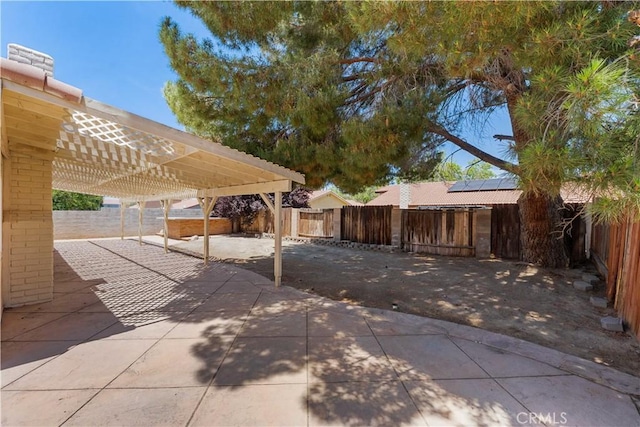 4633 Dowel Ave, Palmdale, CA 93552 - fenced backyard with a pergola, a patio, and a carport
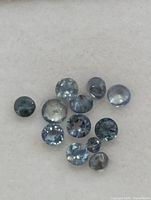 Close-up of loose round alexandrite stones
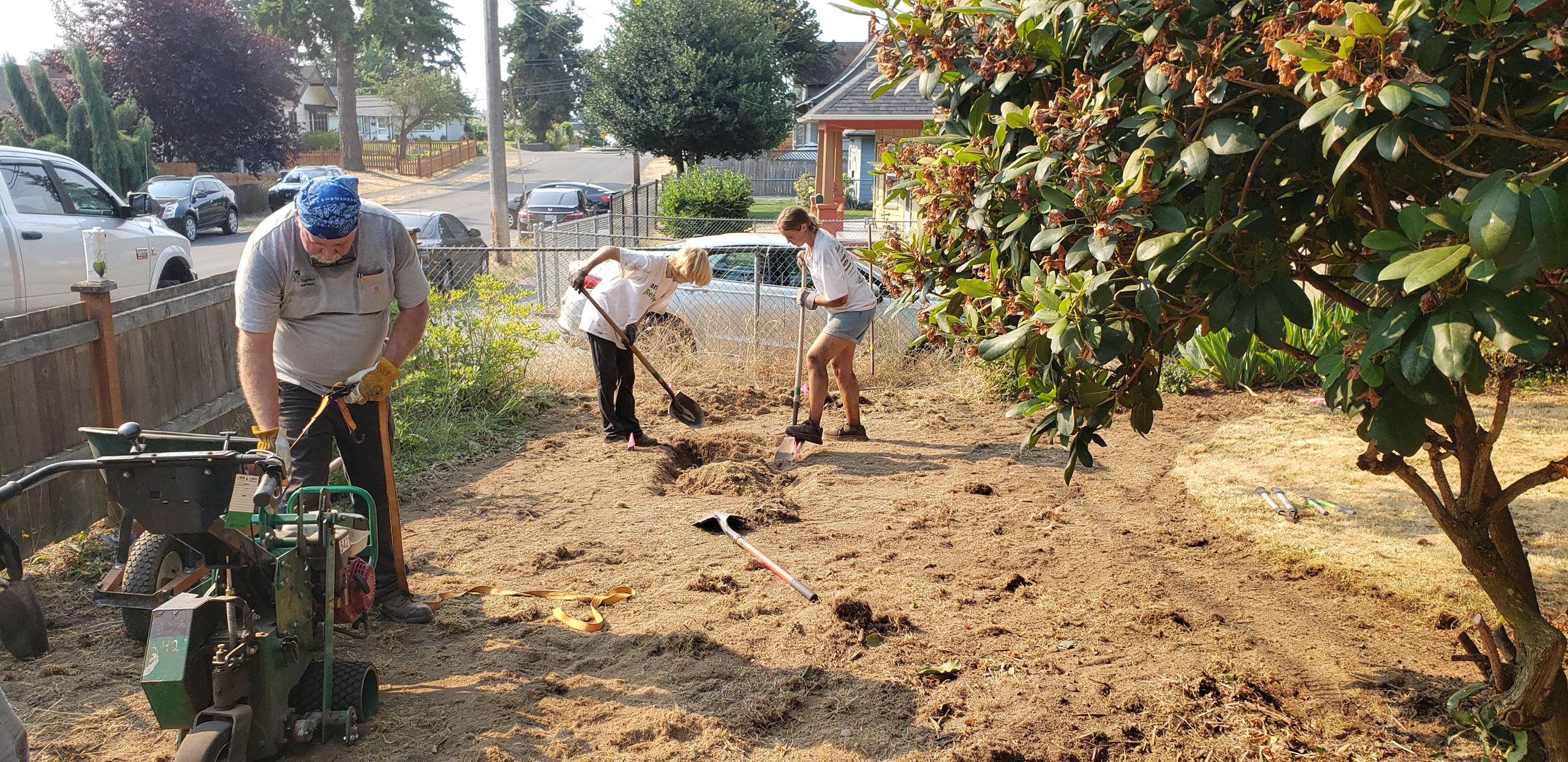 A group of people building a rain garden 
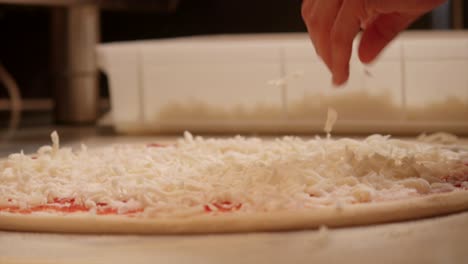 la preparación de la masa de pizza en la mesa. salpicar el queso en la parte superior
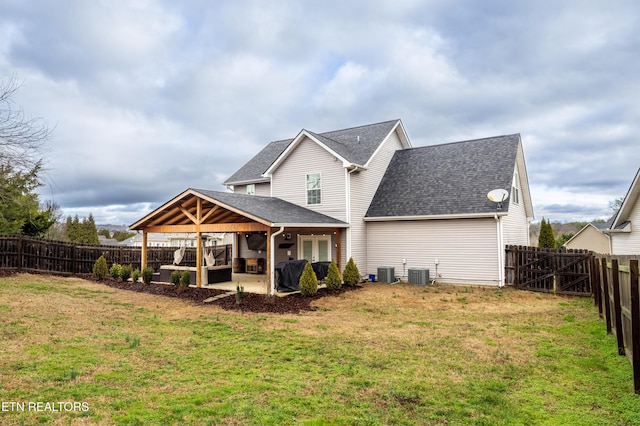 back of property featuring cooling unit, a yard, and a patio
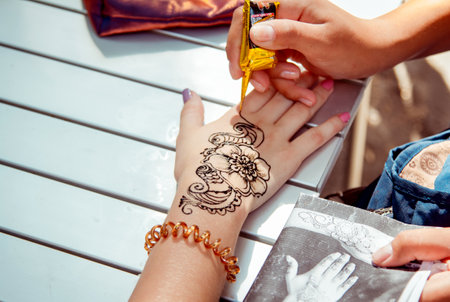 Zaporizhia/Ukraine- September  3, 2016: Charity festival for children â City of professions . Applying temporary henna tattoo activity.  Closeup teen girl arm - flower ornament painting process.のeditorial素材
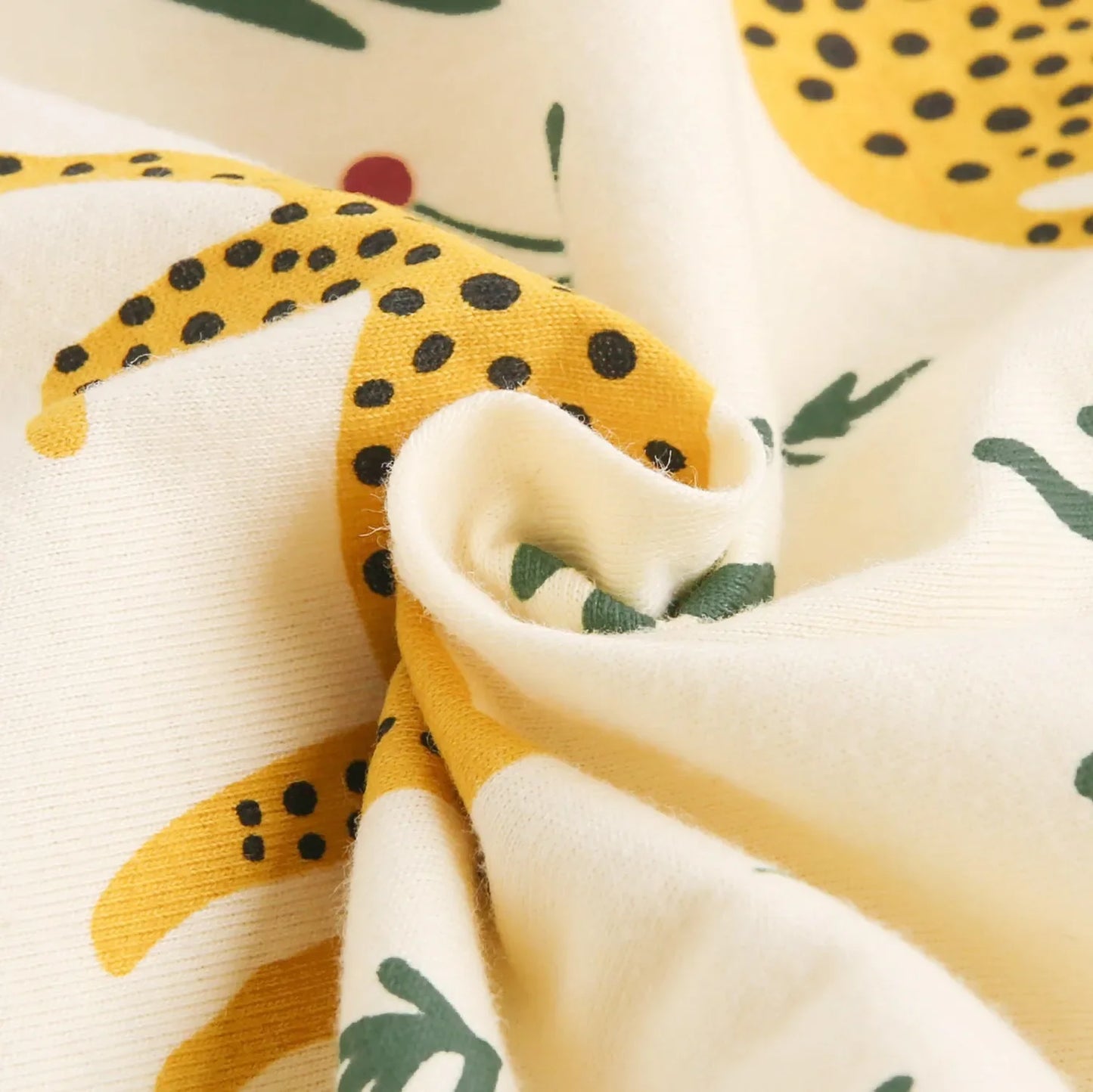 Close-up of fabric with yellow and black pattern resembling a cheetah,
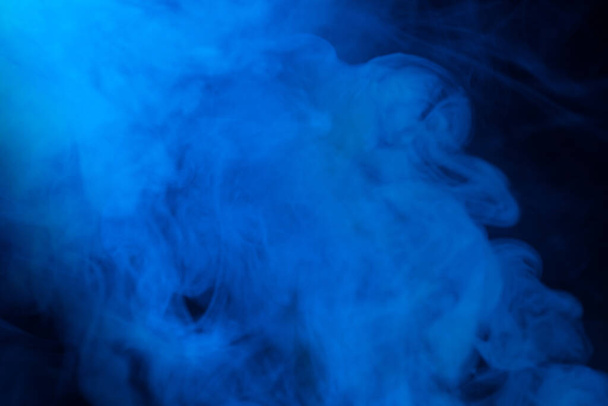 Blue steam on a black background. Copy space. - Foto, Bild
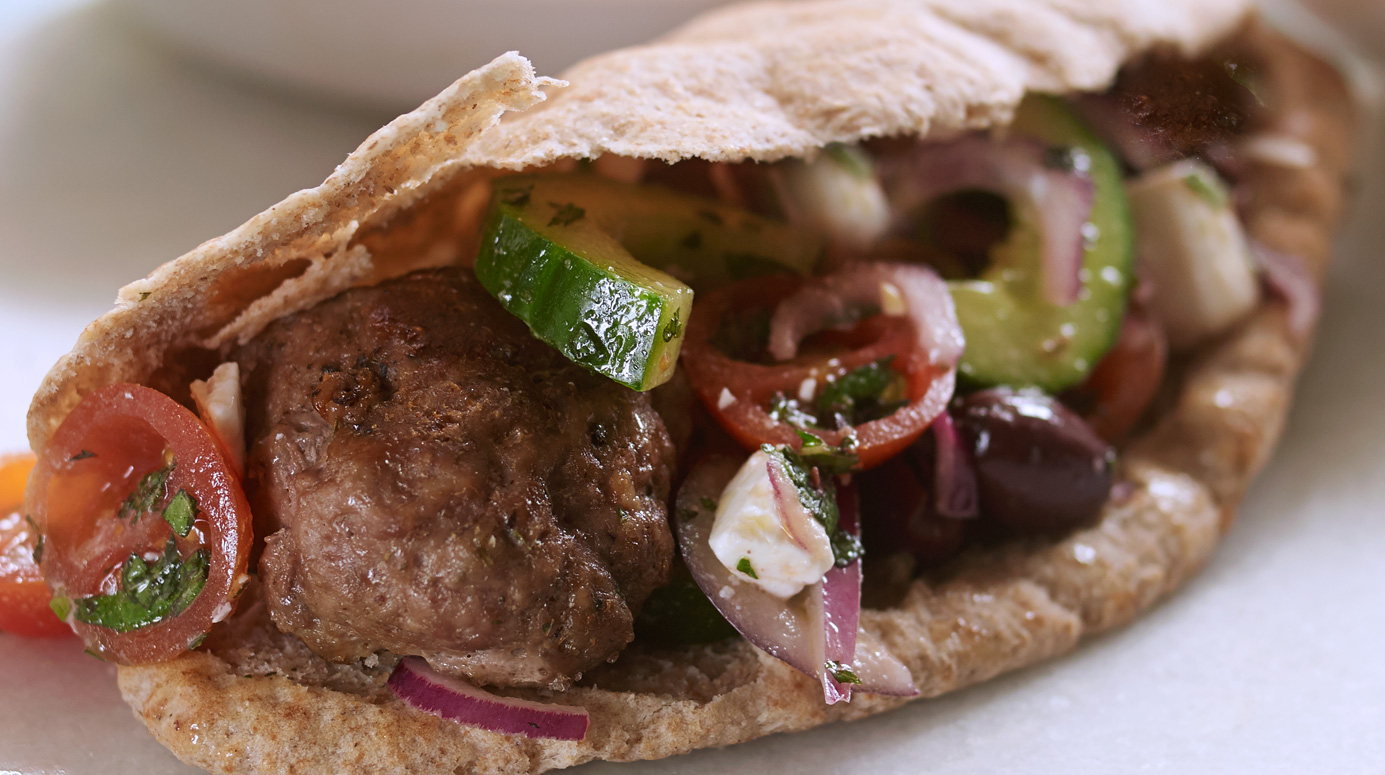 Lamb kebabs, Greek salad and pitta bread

▸ WORK ITEM
Leave out the pictures and restate, word for word, the lines from the top of the data through the line containing "back of property", both included.

▸ WRITTEN ANSWER
 4633 Dowel Ave, Palmdale, CA 93552 - fenced backyard with a pergola, a patio, and a carport
 Close-up of loose round alexandrite stones
 A group of people building a rain garden 
 la preparación de la masa de pizza en la mesa. salpicar el queso en la parte superior
 back of property featuring cooling unit, a yard, and a patio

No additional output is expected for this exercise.